Link time optimization is implemented as a GCC front end for a bytecode representation of GIMPLE that is emitted in special sections of .o files. Currently, LTO support is enabled in most ELF-based systems, as well as darwin, cygwin and mingw systems.

Since GIMPLE bytecode is saved alongside final object code, object files generated with LTO support are larger than regular object files. This “fat” object format makes it easy to integrate LTO into existing build systems, as one can, for instance, produce archives of the files. Additionally, one might be able to ship one set of fat objects which could be used both for development and the production of optimized builds. A, perhaps surprising, side effect of this feature is that any mistake in the toolchain that leads to LTO information not being used (e.g. an older libtool calling ld directly). This is both an advantage, as the system is more robust, and a disadvantage, as the user is not informed that the optimization has been disabled.

The current implementation only produces “fat” objects, effectively doubling compilation time and increasing file sizes up to 5x the original size. This hides the problem that some tools, such as ar and nm, need to understand symbol tables of LTO sections.

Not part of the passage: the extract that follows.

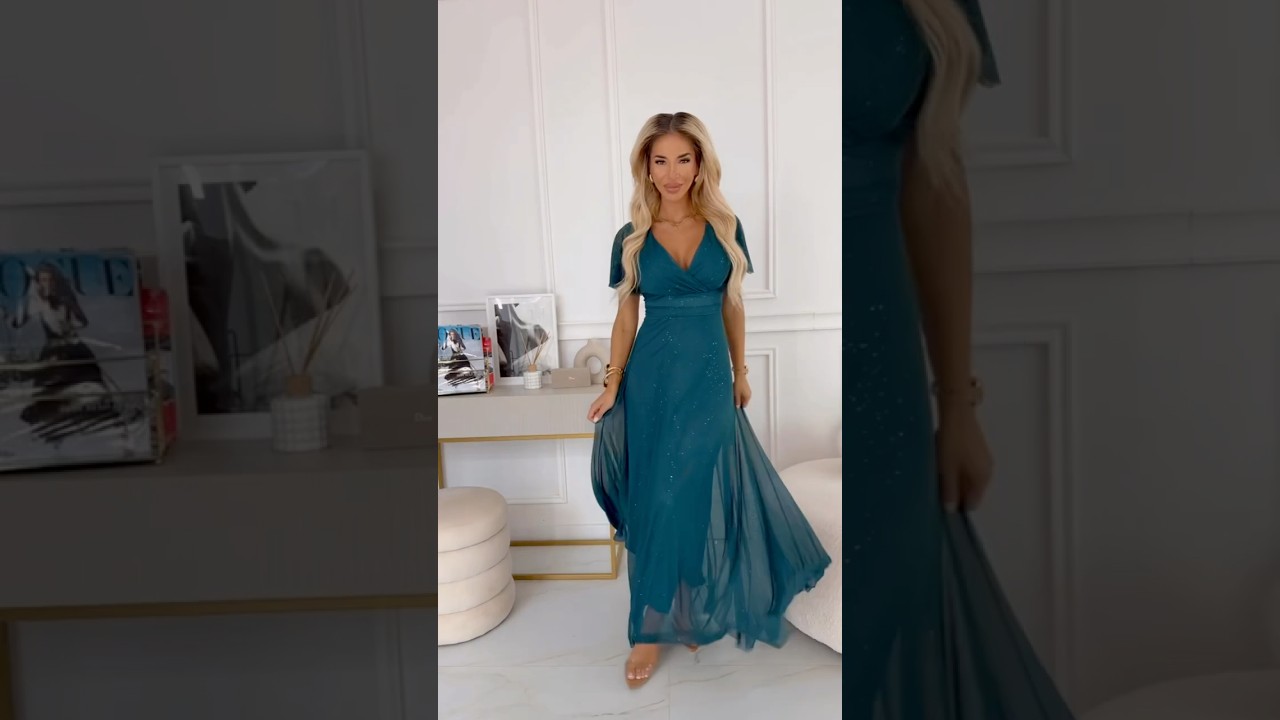 Elegant Bottle Green Evening Dress ✨ | Numoco Wholesale & Dropshipping from Poland | 635-1 ✨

These tools were extended to use the plugin infrastructure, and with these problems solved, GCC will also support “slim” objects consisting of the intermediate code alone.

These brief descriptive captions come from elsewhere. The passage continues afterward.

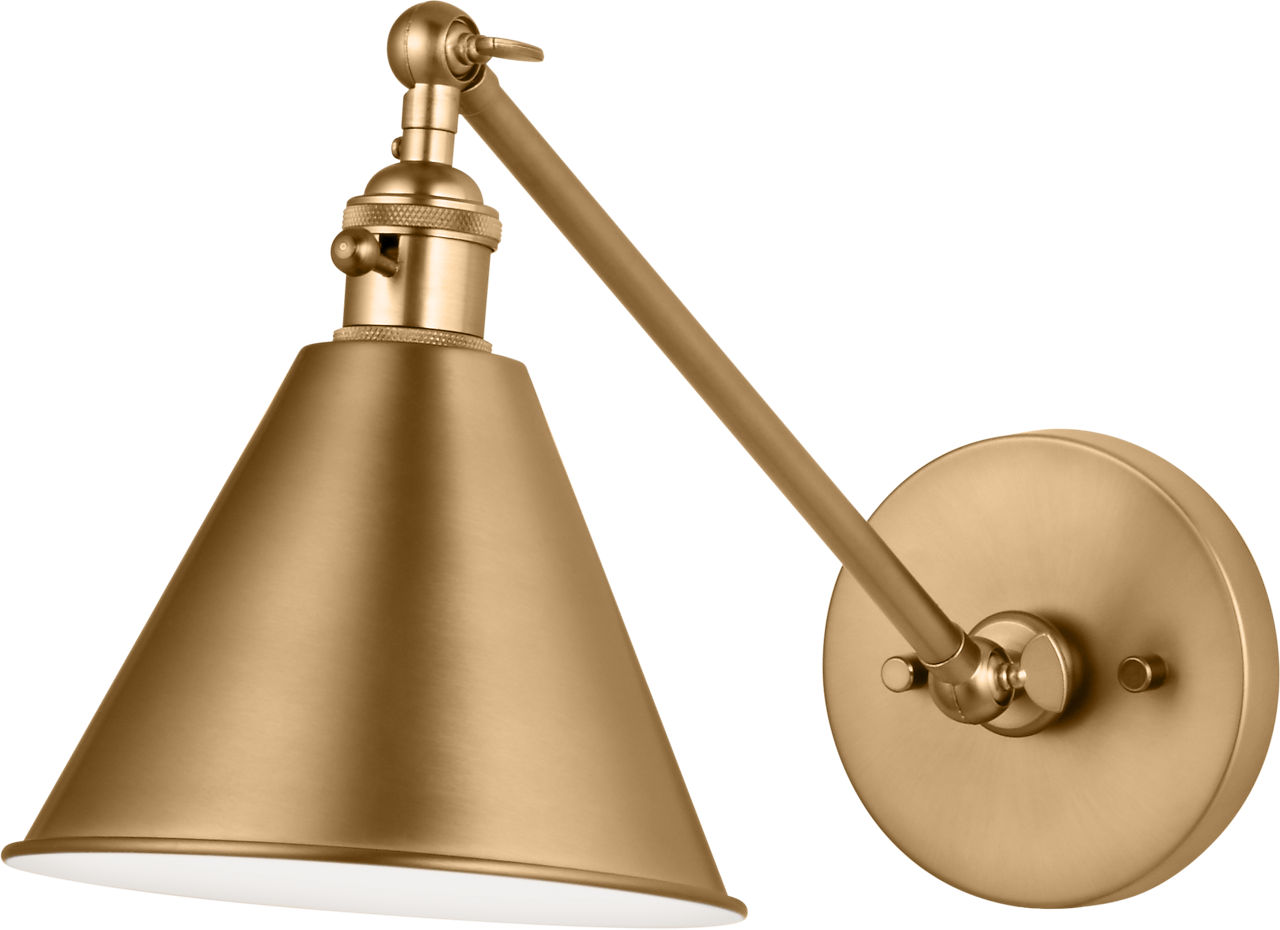 Salem Single Arm One Light Sconce Satin Brass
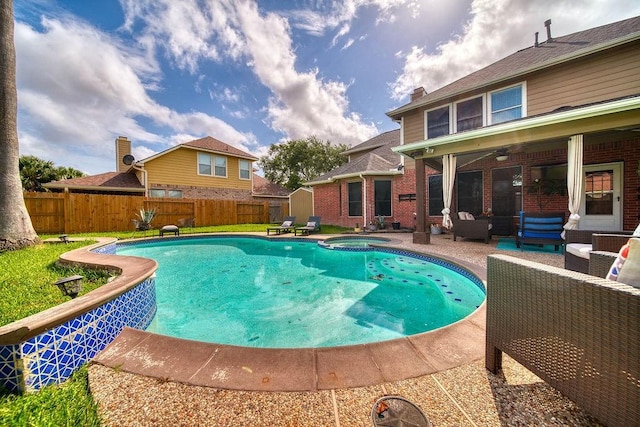 1114 Carriage Ct, Seabrook, TX 77586 - view of pool featuring a patio area, a fenced backyard, ceiling fan, an outdoor living space, and a storage shed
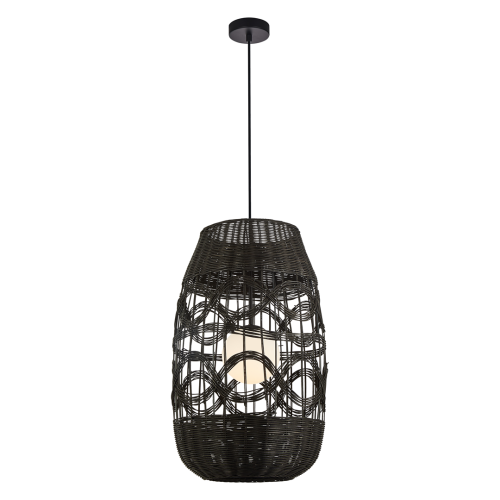 LAMPAMI - lampa sufitowa BOHO, żyrandol BOHO, czarna lampa w stylu boho, lampa boho do salonu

At the highest level, LTO splits the compiler in two. The first half (the “writer”) produces a streaming representation of all the internal data structures needed to optimize and generate code. This includes declarations, types, the callgraph and the GIMPLE representation of function bodies.

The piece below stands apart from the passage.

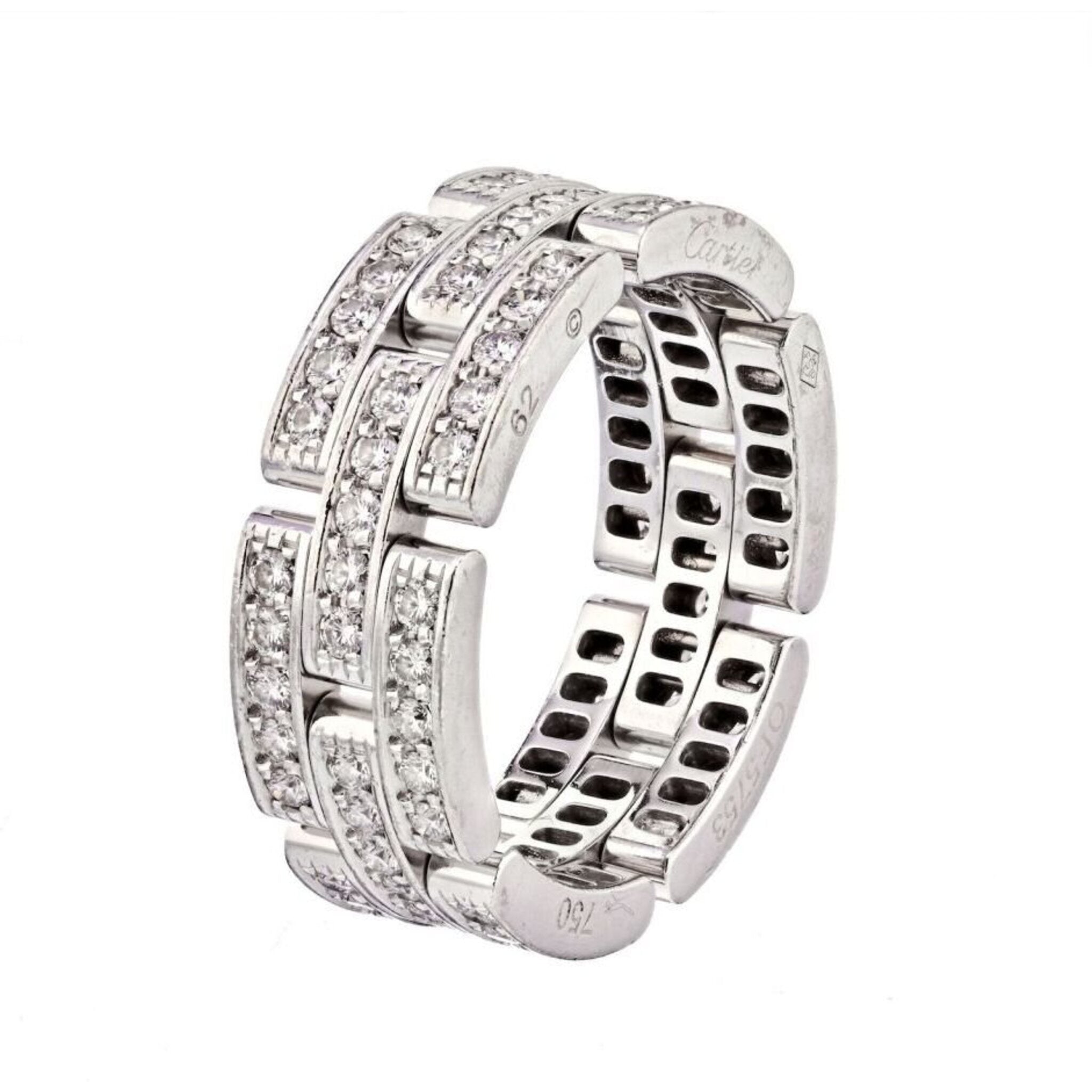 Cartier Maillon Panthere 3 Row Diamond Bracelet 18K White Gold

When -flto is given during compilation of a source file, the pass manager executes all the passes in all_lto_gen_passes. Currently, this phase is composed of two IPA passes:

pass_ipa_lto_gimple_out This pass executes the function lto_output in lto-streamer-out.c, which traverses the call graph encoding every reachable declaration, type and function. This generates a memory representation of all the file sections described below.
pass_ipa_lto_finish_out This pass executes the function produce_asm_for_decls in lto-streamer-out.c, which takes the memory image built in the previous pass and encodes it in the corresponding ELF file sections.

The second half of LTO support is the “reader”. This is implemented as the GCC front end lto1 in lto/lto.c. When collect2 detects a link set of .o/.a files with LTO information and the -flto is enabled, it invokes lto1 which reads the set of files and aggregates them into a single translation unit for optimization. The main entry point for the reader is lto/lto.c:lto_main.

24.1.1 LTO modes of operation

One of the main goals of the GCC link-time infrastructure was to allow effective compilation of large programs. For this reason GCC implements two link-time compilation modes.

LTO mode, in which the whole program is read into the compiler at link-time and optimized in a similar way as if it were a single source-level compilation unit.
WHOPR or partitioned mode, designed to utilize multiple CPUs and/or a distributed compilation environment to quickly link large applications. WHOPR stands for WHOle Program optimizeR (not to be confused with the semantics of -fwhole-program). It partitions the aggregated callgraph from many different .o files and distributes the compilation of the sub-graphs to different CPUs.
Note that distributed compilation is not implemented yet, but since the parallelism is facilitated via generating a Makefile, it would be easy to implement.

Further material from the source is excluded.